Riga Town Council (consilium civitatis rigensis, Rigaer Rat, Рижский рат, Rīgas rāte) was the municipal and judicial institution of the city of Riga from 1226 to 1889.

It was succeeded by Riga City Council after 1889.

== Middle Ages ==

In 1225, Riga received the city rights of Visby, later known as the Gotland-Riga rights. The Riga Council was first mentioned in a treaty of friendship dated April 18, 1226, which the city of Riga concluded with the Livonian Brothers of the Sword. In 1229, the Riga Council concluded a trade agreement with Prince Mstislav of Smolensk, and in 1230 a peace treaty with the Curonians.

The direct overlord of the city from the 13th century was the Archbishop of Riga, but local self-governance and justice were represented by a vogt or judge (advocatus) appointed by him. His task was to resolve all disputes among townspeople on behalf of the bishop.

The council was elected from among the permanent burghers of Riga. Initially, 12 members were elected annually to the council, called consuls (consulus) or councillors (Ratsherren), but later the council elected its own members for life.

The Riga Council oversaw issues of city defense and its patrimonial district, imposed taxes, represented the interests of Riga citizens in foreign policy, concluded treaties, and appointed envoys. Since the 14th century, the council consisted of four burgomasters, responsible for implementing council decisions and handling routine affairs on behalf of the council, and 16 councillors.

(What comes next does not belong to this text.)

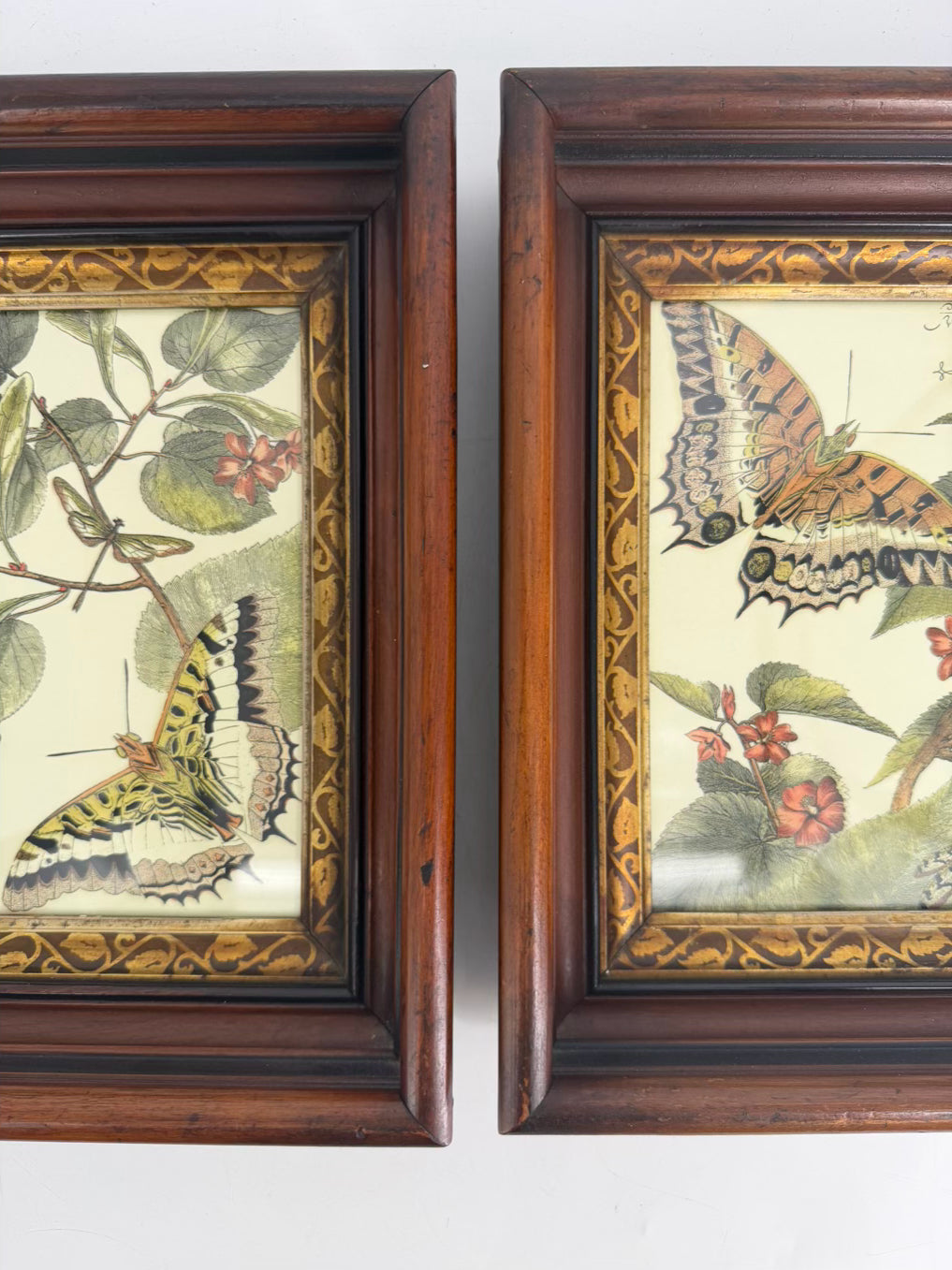Butterfly Framed Pair Of Prints In Antique Wood Frames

From the late 14th century, councillors were typically selected from the wealthy merchant class. As the council became more exclusive, certain families rose to prominence as the so-called patrician families.

== 16th–18th centuries ==
In 1581, when Free City of Riga came under the control of the Polish–Lithuanian Commonwealth, the Riga Council lost its role in foreign policy, remaining only as a municipal and judicial institution. By the end of the 16th century, tensions between the Riga Council and the guilds over city governance escalated, reaching a peak during the Calendar riots in Riga (1584–1589).

After the Great Northern War, Riga became the administrative center of the Riga Governorate, and after the 1783 reform, of the Riga Vicegerency (Rigasche Statthalterschaft), governed by the General Governor of Riga George Browne. The Riga Council was subordinated to the Riga Magistrate. During the reign of Catherine II, Russian municipal laws were introduced in Riga in 1786, dividing the city’s inhabitants into six classes. A general assembly of the city’s residents elected the city head, burgomasters, and councillors every three years. Emperor Paul I restored the previous order in 1796.

== 19th century ==
During the Russification of the Baltics, the Russian Empire's Municipal Law was applied to Riga in 1877. After its introduction, the Riga Council retained only judicial functions, while municipal functions were transferred to the Riga City Council.

The Riga Town Council was dissolved in 1889.